**MATERIAL FOR THIS EXERCISE**:
>>>>>
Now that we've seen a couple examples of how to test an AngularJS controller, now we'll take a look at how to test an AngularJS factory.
<<<<<
>>>>>
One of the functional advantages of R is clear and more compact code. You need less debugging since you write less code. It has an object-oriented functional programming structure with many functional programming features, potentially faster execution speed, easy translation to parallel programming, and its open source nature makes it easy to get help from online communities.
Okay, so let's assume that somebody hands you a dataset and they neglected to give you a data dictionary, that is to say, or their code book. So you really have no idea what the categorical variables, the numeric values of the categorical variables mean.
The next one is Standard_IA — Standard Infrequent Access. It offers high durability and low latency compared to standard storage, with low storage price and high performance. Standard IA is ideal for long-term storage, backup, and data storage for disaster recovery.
<<<<<
**WORK INSTRUCTION**: Reproduce, character for character, only the lines of the preceding data that start at the line with "One of the functional" and end at the line with "The next one", both included.

**EXERCISE RESULT**:
One of the functional advantages of R is clear and more compact code. You need less debugging since you write less code. It has an object-oriented functional programming structure with many functional programming features, potentially faster execution speed, easy translation to parallel programming, and its open source nature makes it easy to get help from online communities.
Okay, so let's assume that somebody hands you a dataset and they neglected to give you a data dictionary, that is to say, or their code book. So you really have no idea what the categorical variables, the numeric values of the categorical variables mean.
The next one is Standard_IA — Standard Infrequent Access. It offers high durability and low latency compared to standard storage, with low storage price and high performance. Standard IA is ideal for long-term storage, backup, and data storage for disaster recovery.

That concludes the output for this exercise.